Sunday, March 11, 2007

Work isn't everything...

Finally, i bk thru myself... i'm in a relax state... i had sent in my resignation letter, whether or not its a wise choice, i dun care, i can't bother it any more... after sending in my letter, i jus so relief... tat blackie been spreading rumors, been commenting behind my back saying how lousy i am and wat so not... i dun care... i dun need his comments, he is no one to made comments on me... but dun ever let mi hear any of it... since its the end, i'll jus shoot out watever i'm not happy wif... cos i dun care anymore...

money is my only concern... hmmm... planning planning planning... life is jus full of rubbish... jus depend on how u clear this shits... and understand that shit will always be shit! haha... well, ppl comment that i couldn't write but den... hmmm... i seriously think tat i couldn't write FORMAL english... my cursing and swearing is still perfect! haha... and ya... i neglect my blogging habit... oh gosh! shit! i should start blogging all over agn...

anyway, i jus watch 'The protege' not long ago... and i tell u, pls watch it, its bloody NICE! haha... i love it to the core... and guess who i'm watching for... it gotta be daniel wu?! ya wrong!!! ITS THAT MAN ~ ANDY LAU... haha... OMG! thou' he act as an bloody old man wif a head of white hairs... but... i jus love him... i jus love his acting, especially in scenes which he is require to be a real ANGRY MAN, shouting and scolding someone until the extend that he's so agitated that his veins shows... like one of his earlier movie 'Long zai bian yuan'... there's a scene which he scream at his 'godbro'... OMG! i jus love tat so much... and u can catch him agn in 'the protege'... OMG! i love him... he had become one of my fav artist... haha... worth watching seriously....
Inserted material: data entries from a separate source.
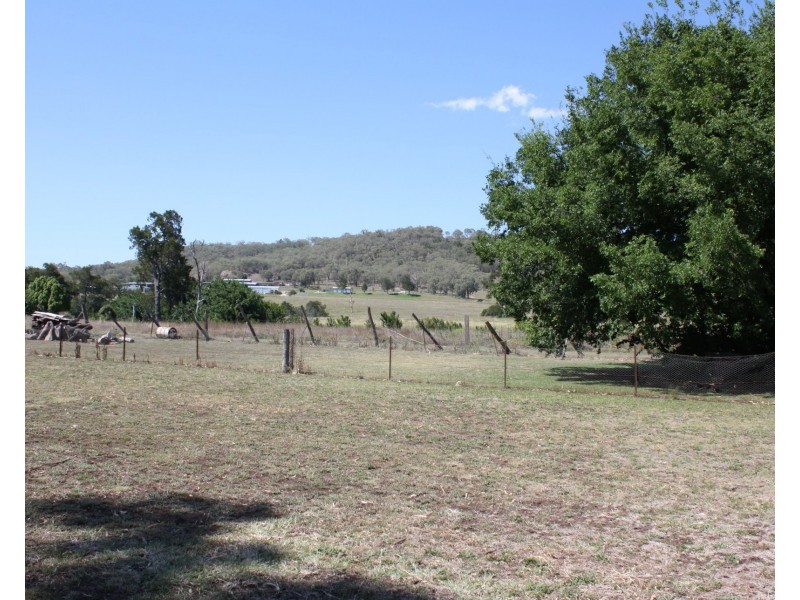 4 New England Hwy, Allora QLD 4362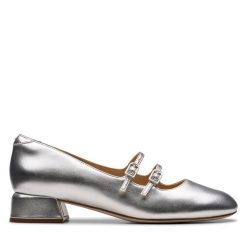 Baleriny Clarks. Szare baleriny Clarks, bez wzorów, bez obcasa, bez zapięcia. Za 539.99 zł.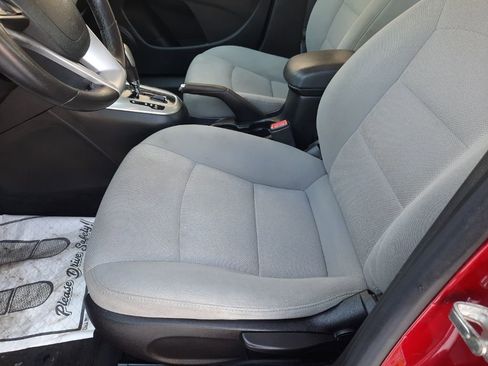 Used 2014 Chevrolet Cruze LT image 3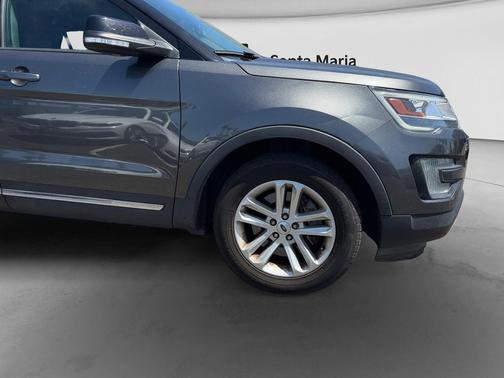 Magnetic 2017 Ford Explorer XLT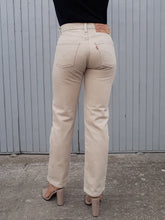Charger l'image dans la galerie, jean levi's 501. Beige. Couleurs Vintage. Taille S, 36, 38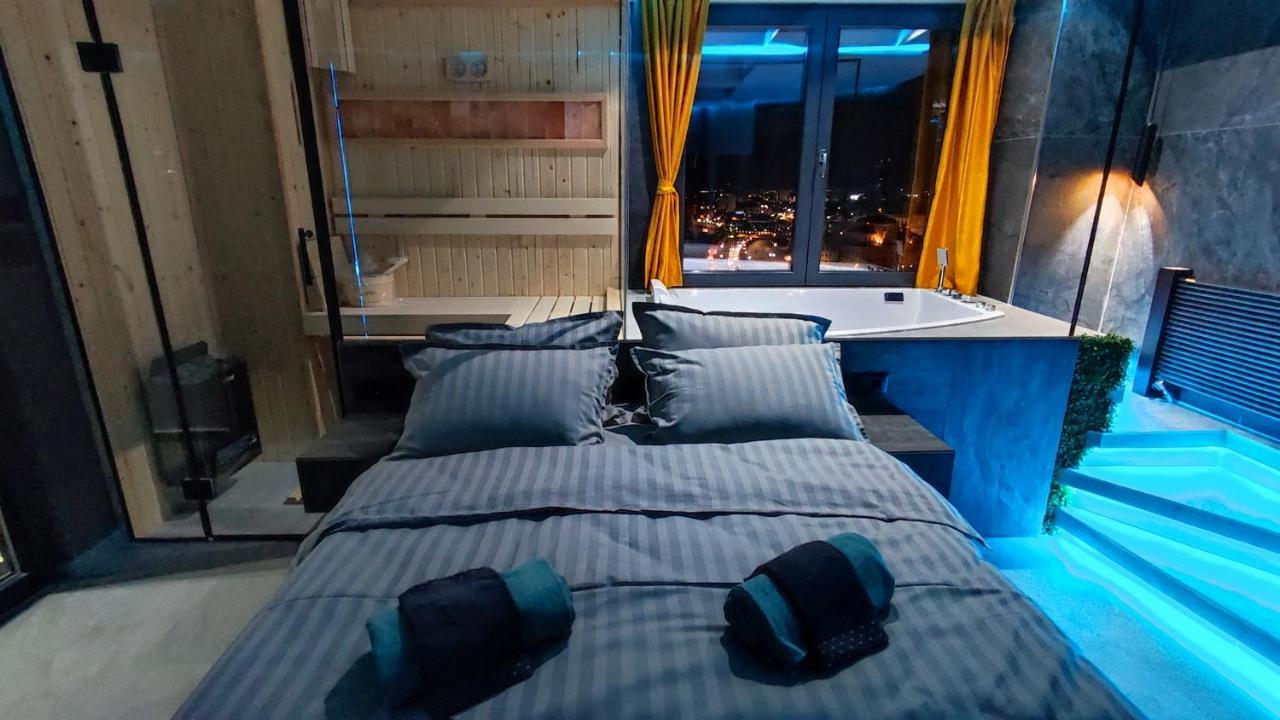 Pentlux - Spa Penthouse In The Heart Of Skopje Buitenkant foto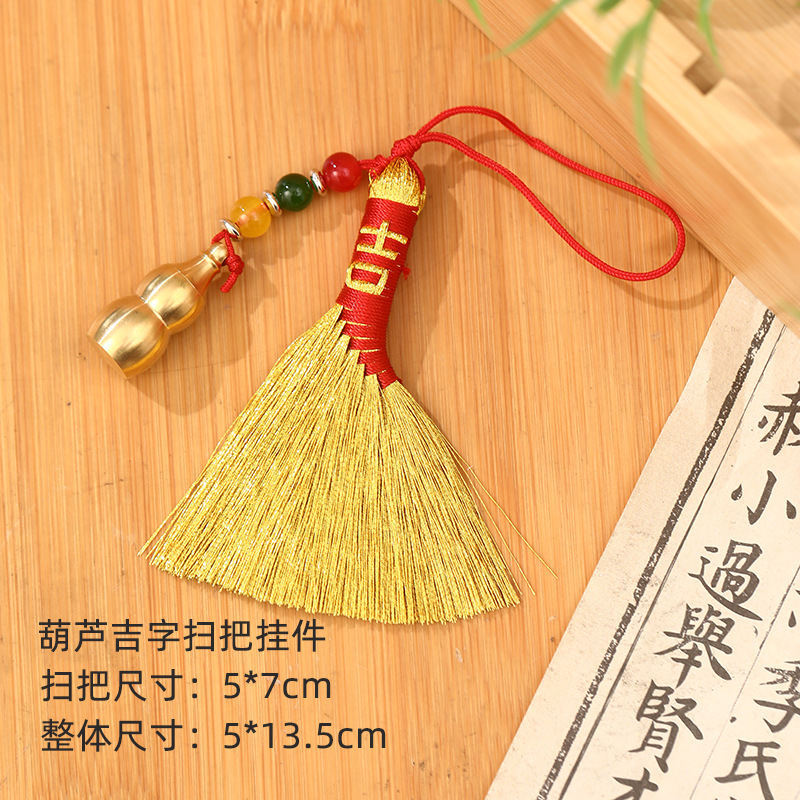 Pendentif balai en or en forme de gourde avec personnages de bon augure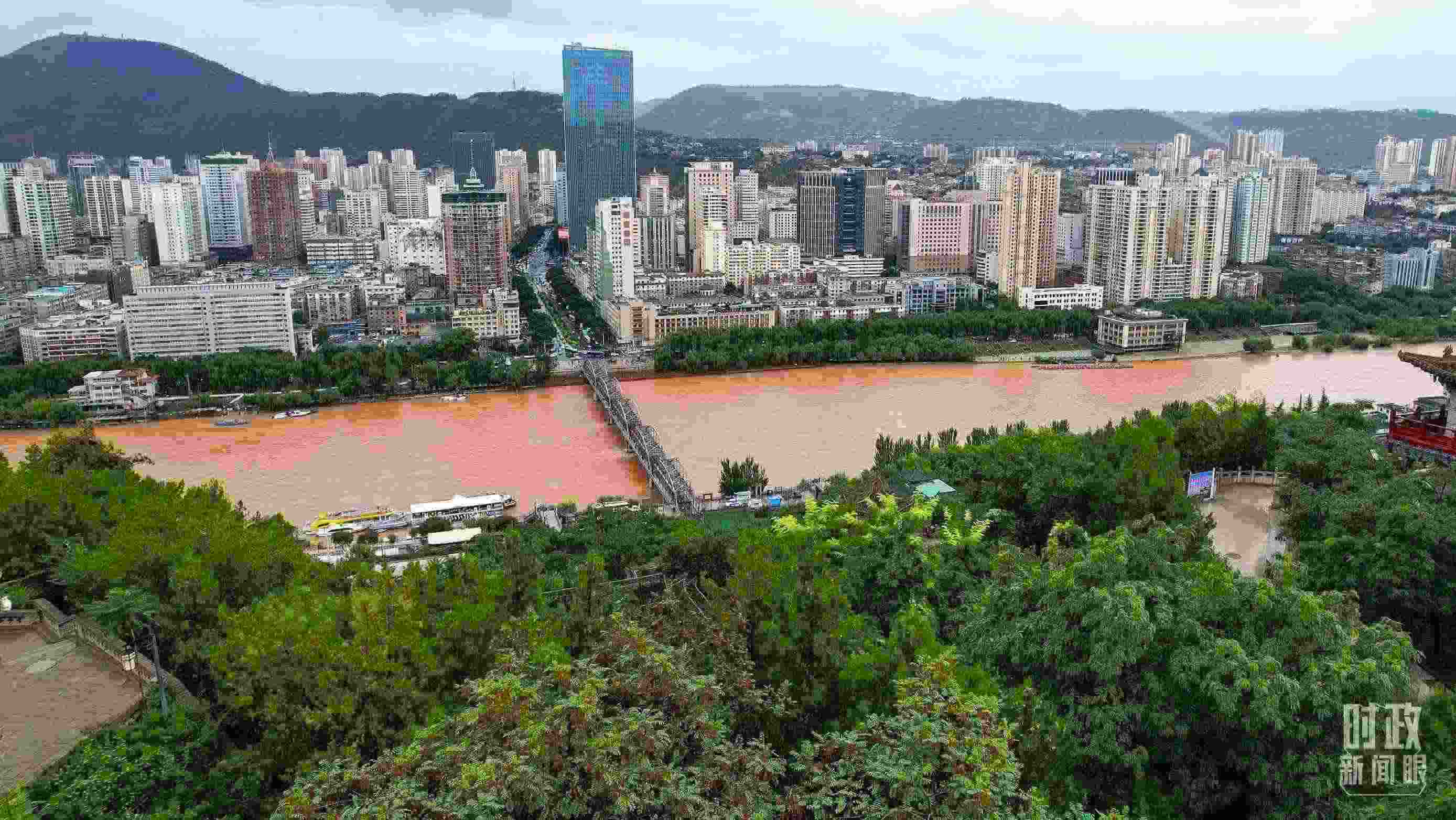 △黃河蘭州中山橋段。（總臺記者馬凌峰拍攝）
and oh ya, u can't miss out tat lady... hmmm... i dun rmb her name, i guess she's new... her first show... and u can't believe how gd she is... she's pretty and she can act real great! she will sure win one of the watever golder horse award...

obviously the storyline... other den jus another 'non-friction' movie... this show is like a documentary! telling u wats drug, how it come abt, y ppl take drugs, and the simple logic of economic! the demand and supply... there's demand, tat's y there's supply...to blame those drug Traffiker or drugs addict?? and understand tat even if u noe how harmful drugs are but u can nv get rid of it... and watch it to understand human nature... human jus love to blame other substances... like the drug addict blame it on those who supply them wif drugs... and the traffiker blame it on the demand of these drug addicts... so who is rite and who's wrong?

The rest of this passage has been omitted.